In [2]:
import torch
import torch.nn as nn
import torch.optim as optim
from torchvision import models, transforms
from torch.utils.data import DataLoader
from PIL import Image
import os
from sklearn.preprocessing import LabelEncoder

# Custom Dataset for loading and transforming images
class CustomImageDataset(torch.utils.data.Dataset):
    def __init__(self, base_dir, subfolders, transform=None):
        self.base_dir = base_dir
        self.subfolders = subfolders
        self.transform = transform
        self.image_paths = []
        self.labels = []
        
        for subfolder in subfolders:
            folder_path = os.path.join(base_dir, subfolder)
            label = subfolder

            for img_name in os.listdir(folder_path):
                if img_name.lower().endswith(('.png', '.jpg', '.jpeg')):
                    img_path = os.path.join(folder_path, img_name)
                    self.image_paths.append(img_path)
                    self.labels.append(label)
        
        self.label_encoder = LabelEncoder()
        self.labels = self.label_encoder.fit_transform(self.labels)

    def __len__(self):
        return len(self.image_paths)

    def __getitem__(self, idx):
        img_path = self.image_paths[idx]
        image = Image.open(img_path).convert('RGB')
        
        if self.transform:
            image = self.transform(image)
        
        label = self.labels[idx]
        return image, label

# Define the LSTM model with a pretrained CNN for feature extraction
class PretrainedCNN_LSTM(nn.Module):
    def __init__(self, num_classes):
        super(PretrainedCNN_LSTM, self).__init__()
        
        # Pretrained CNN (ResNet18)
        self.cnn = models.resnet18(pretrained=True)
        self.cnn.fc = nn.Identity()  # Remove the fully connected layer
        
        # LSTM
        self.lstm = nn.LSTM(input_size=512, hidden_size=256, num_layers=2, batch_first=True)
        
        # Classification layer
        self.fc = nn.Linear(256, num_classes)
    
    def forward(self, x):
        # Feature extraction with CNN
        batch_size, time_steps, C, H, W = x.size()
        c_in = x.view(batch_size * time_steps, C, H, W)
        
        # Apply CNN to each image in the sequence
        cnn_features = self.cnn(c_in)
        cnn_features = cnn_features.view(batch_size, time_steps, -1)
        
        # Pass features through LSTM
        lstm_out, (hn, cn) = self.lstm(cnn_features)
        lstm_out = lstm_out[:, -1, :]  # Take the output from the last time step
        
        # Classification
        out = self.fc(lstm_out)
        return out

# Define transformations
transform = transforms.Compose([
    transforms.Resize((64, 64)),
    transforms.ToTensor(),
    transforms.Normalize([0.5], [0.5])
])

# Define dataset and dataloader
base_dir = r'DIAT-uSAT_dataset'
subfolders = [
    r"3_long_blade_rotor", 
    r"3_short_blade_rotor", 
    r"Bird", 
    r"Bird+mini-helicopter", 
    r"drone", 
    r"rc_plane"
]

# Initialize dataset and dataloader
dataset = CustomImageDataset(base_dir=base_dir, subfolders=subfolders, transform=transform)
dataloader = DataLoader(dataset, batch_size=32, shuffle=True)
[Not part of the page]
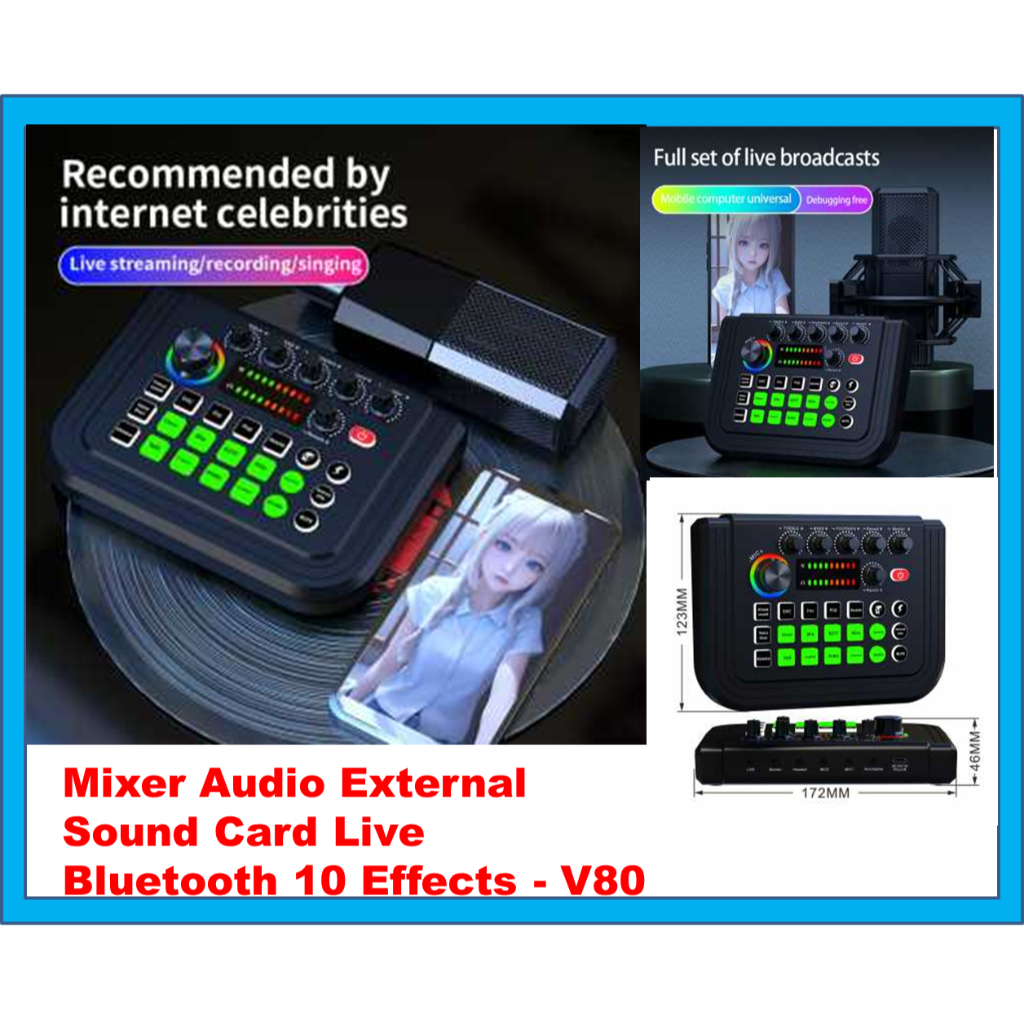 Soundcard Bluetooth Sound Card v80 Live Mixer Audio Broadcast Recording Karaoke Sound Card SDFF Mixe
# Initialize the model, loss, and optimizer
model = PretrainedCNN_LSTM(num_classes=6)  # 6 classes in the dataset
criterion = nn.CrossEntropyLoss()
optimizer = optim.Adam(model.parameters(), lr=0.0002)
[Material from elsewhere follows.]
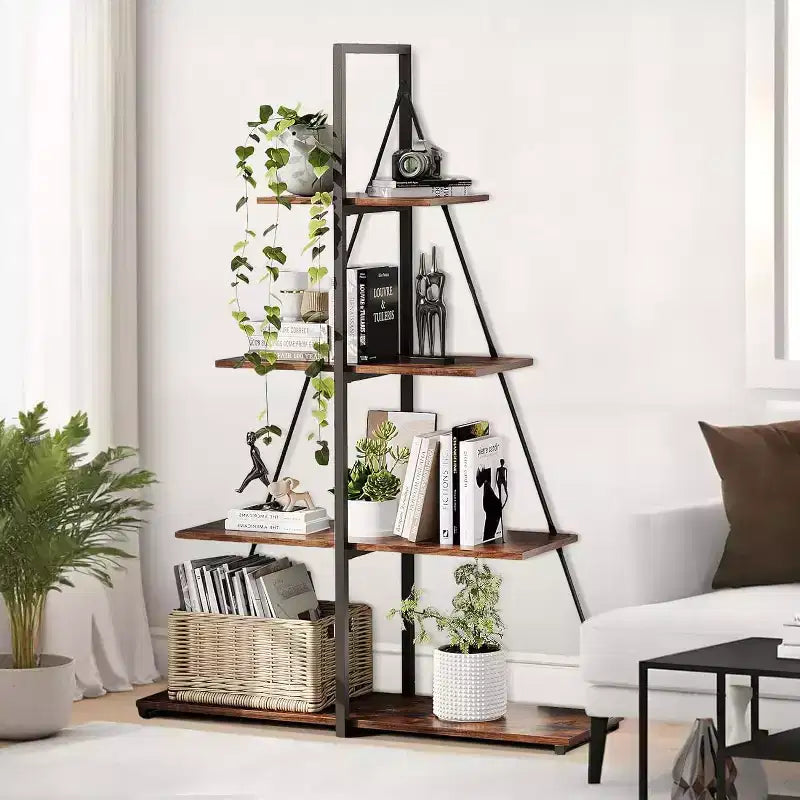 Estantería de 4 estantes, estructura en forma de A de velero, estante de exhibición tipo escalera, estante clásico moderno para libros, para CD/libros/películas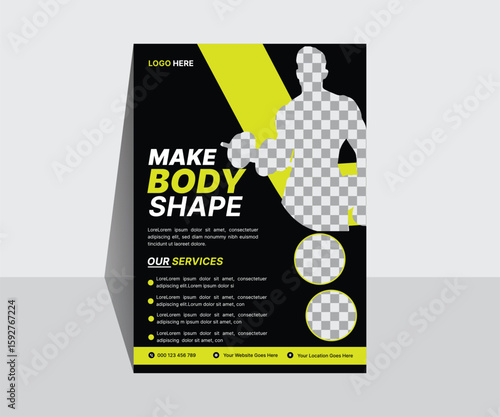 Modern Fitness Gym Flyer Template – Bodybuilding and Workout Promotion, Professional Black and Yellow Gym Brochure, Editable Vector Design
# Variables to track the best validation performance
best_loss = float('inf')
best_model_path = "best_model_CustomVGGWithAttentionattention.pt"

# Training loop
num_epochs = 10
for epoch in range(num_epochs):
    model.train()
    for images, labels in dataloader:
        # Reshape the images to [batch_size, time_steps, C, H, W]
        images = images.unsqueeze(1)  # Add time_steps dimension if needed

        # Forward pass
        outputs = model(images)
        loss = criterion(outputs, labels)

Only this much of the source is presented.